Other Investments. The components of the Company's Other Investments are as follows (in thousands):
At December 31, 2021At September 30, 2021
Life Insurance Contracts$45,599 $44,560 
Equity Mutual Fund25,442 34,433 
Fixed Income Mutual Fund35,442 70,639 
$106,483 $149,632 
 
    Investments in life insurance contracts are stated at their cash surrender values or net present value. Investments in an equity mutual fund and a fixed income mutual fund are stated at fair value based on quoted market prices with changes in fair value recognized in net income. The insurance contracts and equity mutual fund are primarily informal funding mechanisms for various benefit obligations the Company has to certain employees.

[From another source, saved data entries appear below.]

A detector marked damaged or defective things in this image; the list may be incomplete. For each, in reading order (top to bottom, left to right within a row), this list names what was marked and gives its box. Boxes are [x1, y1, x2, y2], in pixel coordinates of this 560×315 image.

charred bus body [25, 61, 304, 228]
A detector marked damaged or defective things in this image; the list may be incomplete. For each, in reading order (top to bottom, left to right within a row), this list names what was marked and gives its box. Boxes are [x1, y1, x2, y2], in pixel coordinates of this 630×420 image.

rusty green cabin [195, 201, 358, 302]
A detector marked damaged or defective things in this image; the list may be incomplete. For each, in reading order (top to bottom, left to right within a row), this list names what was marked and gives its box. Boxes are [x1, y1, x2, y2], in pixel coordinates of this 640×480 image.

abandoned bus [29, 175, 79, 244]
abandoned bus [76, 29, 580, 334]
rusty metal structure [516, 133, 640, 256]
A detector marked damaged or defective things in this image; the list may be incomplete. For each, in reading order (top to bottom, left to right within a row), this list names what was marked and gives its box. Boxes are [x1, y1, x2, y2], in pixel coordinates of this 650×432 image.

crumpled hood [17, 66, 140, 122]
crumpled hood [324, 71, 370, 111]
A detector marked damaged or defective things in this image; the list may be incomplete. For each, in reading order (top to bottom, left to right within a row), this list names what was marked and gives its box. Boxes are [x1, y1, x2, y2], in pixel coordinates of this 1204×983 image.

The fixed income mutual fund is primarily an informal funding mechanism for certain regulatory obligations that the Company has to Utility segment customers in its Pennsylvania jurisdiction, as discussed in Note 11 — Regulatory Matters, and for various benefit obligations the Company has to certain employees.
 
Derivative Financial Instruments.  The Company uses derivative financial instruments to manage commodity price risk in the Exploration and Production segment. The Company enters into over-the-counter no cost collars and over-the-counter swap agreements for natural gas and crude oil to manage the price risk associated with forecasted sales of gas and oil. In addition, the Company also enters into foreign exchange forward contracts to manage the risk of currency fluctuations associated with transportation costs denominated in Canadian currency in the Exploration and Production segment. These instruments are accounted for as cash flow hedges. The duration of the Company’s cash flow hedges does not typically exceed 5 years while the foreign currency forward contracts do not exceed 9 years.

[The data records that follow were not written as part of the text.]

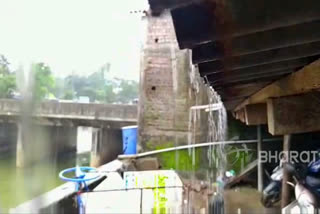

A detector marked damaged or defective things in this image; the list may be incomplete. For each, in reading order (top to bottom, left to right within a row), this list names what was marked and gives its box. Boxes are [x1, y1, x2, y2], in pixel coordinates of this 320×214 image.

rusty metal beam [171, 0, 320, 48]
rusty metal beam [191, 20, 320, 63]
rusty metal beam [199, 41, 320, 72]
rusty metal beam [234, 58, 320, 111]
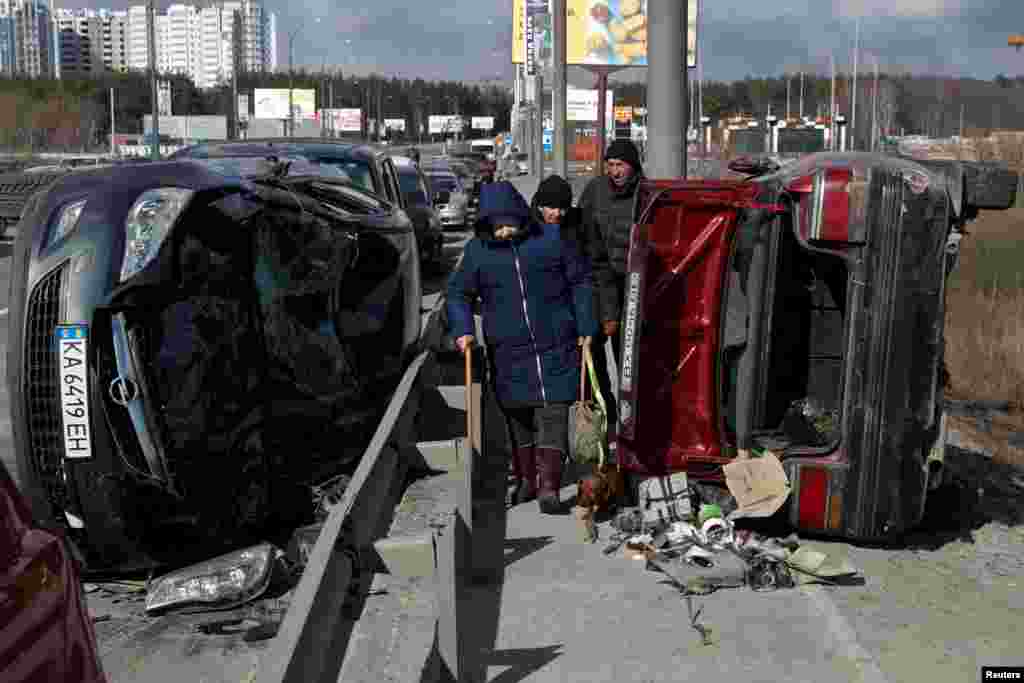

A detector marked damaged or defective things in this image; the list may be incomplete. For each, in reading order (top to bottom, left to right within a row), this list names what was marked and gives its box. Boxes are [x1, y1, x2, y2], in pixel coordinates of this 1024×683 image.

cracked headlight [47, 199, 87, 250]
cracked headlight [121, 186, 193, 282]
overturned black suv [6, 159, 422, 572]
overturned red vehicle [612, 152, 1020, 544]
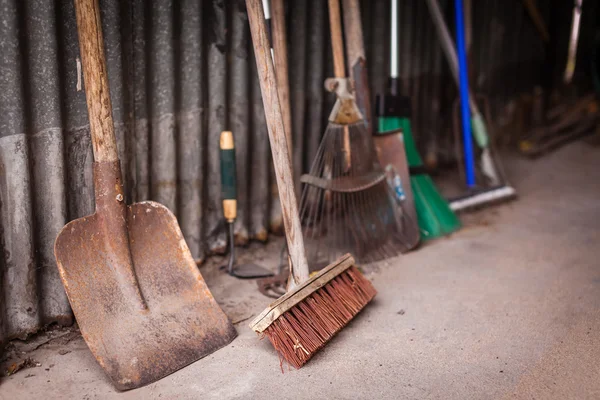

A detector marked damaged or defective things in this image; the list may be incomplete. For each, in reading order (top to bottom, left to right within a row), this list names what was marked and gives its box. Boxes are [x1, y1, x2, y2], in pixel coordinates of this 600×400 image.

rusty shovel [54, 0, 237, 390]
rusty metal surface [55, 161, 236, 390]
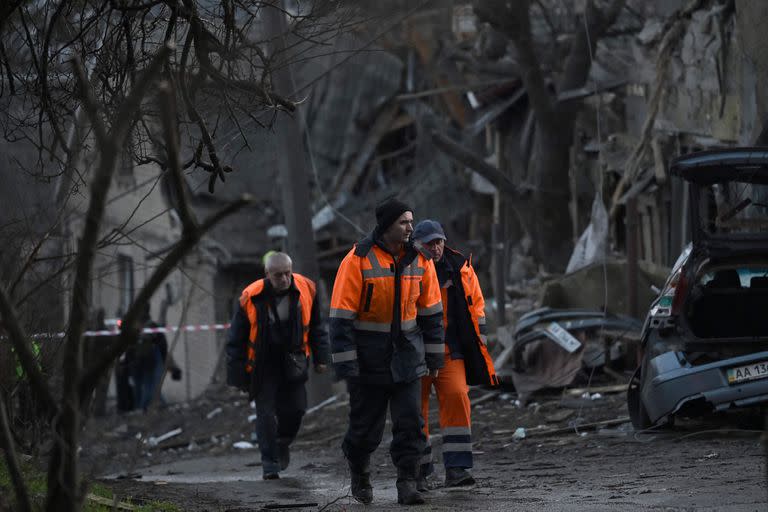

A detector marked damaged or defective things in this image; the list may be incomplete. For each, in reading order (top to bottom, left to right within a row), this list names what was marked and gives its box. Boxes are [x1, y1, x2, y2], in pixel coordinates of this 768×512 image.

    The Company has presented its net derivative assets and liabilities as “Fair Value of Derivative Financial Instruments” on its Consolidated Balance Sheets at December 31, 2021 and September 30, 2021.  Substantially all of the derivative financial instruments reported on those line items relate to commodity contracts and a small portion relates to foreign currency forward contracts.
 
Cash Flow Hedges
 
    For derivative financial instruments that are designated and qualify as a cash flow hedge, the gain or loss on the derivative is reported as a component of other comprehensive income (loss) and reclassified into earnings in the period or periods during which the hedged transaction affects earnings.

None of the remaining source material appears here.